My next call was to Tommy Hernandez, our fabulous gay Cuban intern. Since Tommy was now one of our City Hall beat writers, Councilman Byers was one of his responsibilities. General rule of thumb in journalism: if one of your key sources vanishes suspiciously, you’re going to be busier than a paisley top with plaid pants.

He answered after half a ring.

“Hey, I’m in Byers’s neighborhood,” Tommy said, not bothering with salutations. “Come meet me here.”

“Got cross streets for me?”

“It’s on Fairmount, just north of South Orange Avenue,” Tommy said.

It took six minutes to get from Tee’s neighborhood to the scene and only a few seconds to figure out which house belonged to the councilman. If the police tape didn’t clue me in, the TV trucks parked out front did. I parked, got out, and had a look around.

The councilman’s neighborhood had clearly seen better days. Uh, make that better centuries. I’m sure sometime around World War II it had been a great little place to raise a family. Now, after decades of mortgage redlining and highway construction, absentee landlordism and slumping schools, the GI Bill and white flight-and all the other things this country allowed that led its suburbs to prosper at the expense of its cities-there were only faint memories of what had been.

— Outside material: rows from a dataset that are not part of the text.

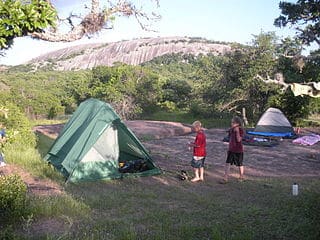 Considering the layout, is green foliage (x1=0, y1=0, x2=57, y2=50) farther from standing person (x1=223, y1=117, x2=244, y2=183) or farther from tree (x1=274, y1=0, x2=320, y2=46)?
tree (x1=274, y1=0, x2=320, y2=46)

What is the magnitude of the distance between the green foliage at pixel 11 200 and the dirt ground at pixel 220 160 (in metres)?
1.37

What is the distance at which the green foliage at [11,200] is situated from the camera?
→ 5.41 metres

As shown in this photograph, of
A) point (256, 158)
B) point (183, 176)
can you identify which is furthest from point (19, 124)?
point (256, 158)

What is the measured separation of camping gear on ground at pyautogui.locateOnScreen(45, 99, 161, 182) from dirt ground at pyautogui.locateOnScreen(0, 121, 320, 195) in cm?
66

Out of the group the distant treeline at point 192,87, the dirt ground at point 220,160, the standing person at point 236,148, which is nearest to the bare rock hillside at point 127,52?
the distant treeline at point 192,87

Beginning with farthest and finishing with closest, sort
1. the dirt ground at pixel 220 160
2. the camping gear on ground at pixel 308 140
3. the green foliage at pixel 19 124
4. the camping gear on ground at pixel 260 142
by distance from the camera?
the camping gear on ground at pixel 308 140 < the camping gear on ground at pixel 260 142 < the green foliage at pixel 19 124 < the dirt ground at pixel 220 160

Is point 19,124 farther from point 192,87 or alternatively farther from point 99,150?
point 192,87

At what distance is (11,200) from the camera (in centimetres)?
547

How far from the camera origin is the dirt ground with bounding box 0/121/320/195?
28.8ft

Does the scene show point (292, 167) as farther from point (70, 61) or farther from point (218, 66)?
point (70, 61)

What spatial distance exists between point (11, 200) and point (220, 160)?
686cm

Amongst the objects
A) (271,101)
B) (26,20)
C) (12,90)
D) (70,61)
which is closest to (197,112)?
(271,101)

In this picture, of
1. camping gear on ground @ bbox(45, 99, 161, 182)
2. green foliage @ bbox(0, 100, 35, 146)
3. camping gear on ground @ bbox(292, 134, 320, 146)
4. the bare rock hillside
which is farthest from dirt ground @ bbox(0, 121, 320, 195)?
the bare rock hillside

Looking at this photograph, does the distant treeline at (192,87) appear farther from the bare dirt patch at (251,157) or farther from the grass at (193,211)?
the bare dirt patch at (251,157) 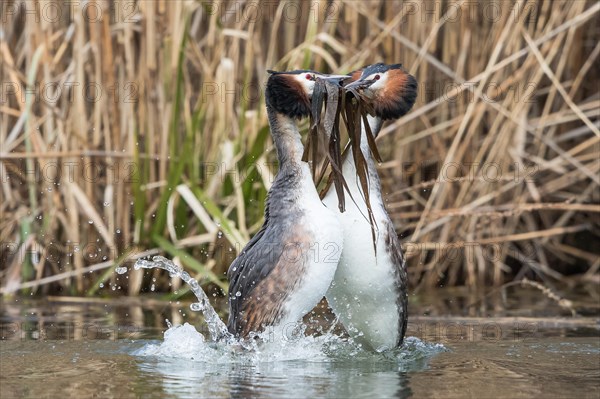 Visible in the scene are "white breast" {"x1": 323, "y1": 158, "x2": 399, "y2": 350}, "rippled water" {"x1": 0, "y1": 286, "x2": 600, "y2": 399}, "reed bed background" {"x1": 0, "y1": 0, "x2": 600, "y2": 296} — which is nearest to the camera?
"rippled water" {"x1": 0, "y1": 286, "x2": 600, "y2": 399}

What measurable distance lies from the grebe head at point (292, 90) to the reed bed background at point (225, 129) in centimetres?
156

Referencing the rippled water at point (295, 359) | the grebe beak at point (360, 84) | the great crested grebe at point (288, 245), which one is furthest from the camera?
the grebe beak at point (360, 84)

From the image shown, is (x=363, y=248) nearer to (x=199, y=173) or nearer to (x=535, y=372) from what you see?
(x=535, y=372)

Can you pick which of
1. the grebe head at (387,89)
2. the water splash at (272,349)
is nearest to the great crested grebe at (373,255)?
the grebe head at (387,89)

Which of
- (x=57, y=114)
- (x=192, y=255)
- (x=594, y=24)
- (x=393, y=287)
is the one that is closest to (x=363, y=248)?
(x=393, y=287)

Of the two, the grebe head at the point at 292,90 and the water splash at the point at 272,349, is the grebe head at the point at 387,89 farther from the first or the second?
the water splash at the point at 272,349

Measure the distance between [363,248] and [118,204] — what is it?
258cm

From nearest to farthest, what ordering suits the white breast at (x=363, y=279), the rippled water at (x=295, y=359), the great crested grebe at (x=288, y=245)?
the rippled water at (x=295, y=359) → the great crested grebe at (x=288, y=245) → the white breast at (x=363, y=279)

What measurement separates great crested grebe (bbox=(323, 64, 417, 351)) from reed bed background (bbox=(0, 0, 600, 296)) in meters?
1.54

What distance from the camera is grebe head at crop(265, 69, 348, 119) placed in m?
5.07

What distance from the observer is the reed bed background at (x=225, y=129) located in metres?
6.96

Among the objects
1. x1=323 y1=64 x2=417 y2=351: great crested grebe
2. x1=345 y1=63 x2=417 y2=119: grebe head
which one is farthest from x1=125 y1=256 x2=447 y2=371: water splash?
x1=345 y1=63 x2=417 y2=119: grebe head

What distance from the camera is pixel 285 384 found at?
4.31 metres

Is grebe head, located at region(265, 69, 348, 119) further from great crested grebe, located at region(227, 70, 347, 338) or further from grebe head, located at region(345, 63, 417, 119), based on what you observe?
grebe head, located at region(345, 63, 417, 119) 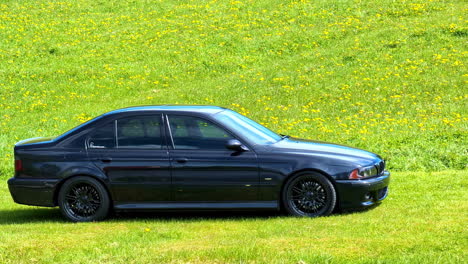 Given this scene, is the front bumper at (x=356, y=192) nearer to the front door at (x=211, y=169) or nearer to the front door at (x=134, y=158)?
the front door at (x=211, y=169)

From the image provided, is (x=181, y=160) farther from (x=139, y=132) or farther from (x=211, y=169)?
(x=139, y=132)

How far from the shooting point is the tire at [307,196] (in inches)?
314

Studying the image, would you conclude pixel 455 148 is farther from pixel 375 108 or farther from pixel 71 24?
pixel 71 24

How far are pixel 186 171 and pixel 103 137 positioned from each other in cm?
113

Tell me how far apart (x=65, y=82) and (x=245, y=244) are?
1731 centimetres

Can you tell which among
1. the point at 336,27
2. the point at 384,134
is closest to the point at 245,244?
the point at 384,134

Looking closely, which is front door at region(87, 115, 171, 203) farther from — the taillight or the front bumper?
the front bumper

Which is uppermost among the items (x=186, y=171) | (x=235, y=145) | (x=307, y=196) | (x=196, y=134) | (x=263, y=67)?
(x=263, y=67)

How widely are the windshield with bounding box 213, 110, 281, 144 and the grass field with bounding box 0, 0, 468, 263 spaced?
3.41ft

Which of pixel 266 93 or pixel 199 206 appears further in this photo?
pixel 266 93

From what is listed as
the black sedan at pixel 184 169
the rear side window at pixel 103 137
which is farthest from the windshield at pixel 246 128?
the rear side window at pixel 103 137

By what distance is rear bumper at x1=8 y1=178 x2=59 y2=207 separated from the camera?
8352mm

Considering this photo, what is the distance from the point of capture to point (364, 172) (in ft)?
26.5

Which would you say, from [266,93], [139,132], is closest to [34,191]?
[139,132] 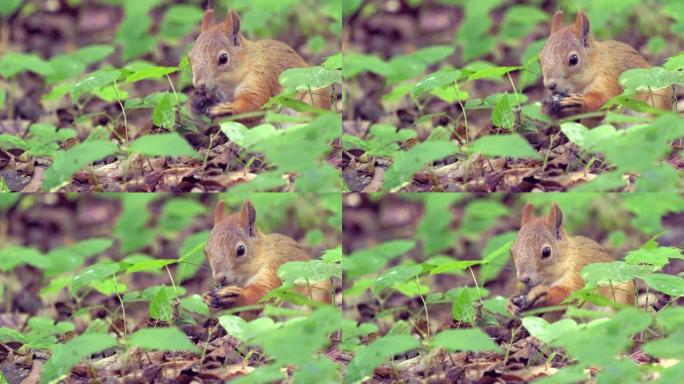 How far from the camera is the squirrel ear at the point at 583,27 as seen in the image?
272 inches

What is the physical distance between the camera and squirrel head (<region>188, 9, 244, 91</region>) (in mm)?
6918

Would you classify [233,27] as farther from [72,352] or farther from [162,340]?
[72,352]

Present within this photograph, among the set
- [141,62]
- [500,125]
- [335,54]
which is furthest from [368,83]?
[141,62]

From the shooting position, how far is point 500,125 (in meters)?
6.96

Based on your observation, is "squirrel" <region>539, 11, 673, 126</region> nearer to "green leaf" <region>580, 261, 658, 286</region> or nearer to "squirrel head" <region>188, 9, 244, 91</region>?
"green leaf" <region>580, 261, 658, 286</region>

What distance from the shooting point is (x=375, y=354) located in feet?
22.5

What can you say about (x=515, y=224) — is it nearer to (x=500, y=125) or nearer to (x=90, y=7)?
(x=500, y=125)

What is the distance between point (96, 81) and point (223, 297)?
1.42 metres

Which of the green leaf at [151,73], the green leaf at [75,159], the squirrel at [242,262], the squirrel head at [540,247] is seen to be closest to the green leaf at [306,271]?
the squirrel at [242,262]

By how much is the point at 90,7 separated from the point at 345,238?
6.55ft

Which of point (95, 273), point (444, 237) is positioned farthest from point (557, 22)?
point (95, 273)

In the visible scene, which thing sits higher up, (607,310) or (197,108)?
(197,108)

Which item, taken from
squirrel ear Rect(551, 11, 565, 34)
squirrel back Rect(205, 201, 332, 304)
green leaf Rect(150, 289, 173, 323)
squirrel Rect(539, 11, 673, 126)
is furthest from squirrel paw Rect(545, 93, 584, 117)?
green leaf Rect(150, 289, 173, 323)

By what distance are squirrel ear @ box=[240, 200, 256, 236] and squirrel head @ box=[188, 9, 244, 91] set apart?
69 centimetres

The slate sidewalks, once a smooth runway for baby boomers’ strollers, were now a jagged moonscape of broken rock. The elm trees that once lined the street were down to a few straggling, struggling survivors, creating a more desolate effect than if they had all been chopped down.

The same could be said for the houses. Some had long ago been flattened and turned into vacant lots. Others looked so unkempt, unwanted, or abandoned you only wished they would have a sudden meeting with a wrecking ball. Then there were a few that defied the odds and, with regular painting and maintenance, had aged gracefully. It only made me more wistful, wondering what the street would look like if it had just been cared for a little more through the years.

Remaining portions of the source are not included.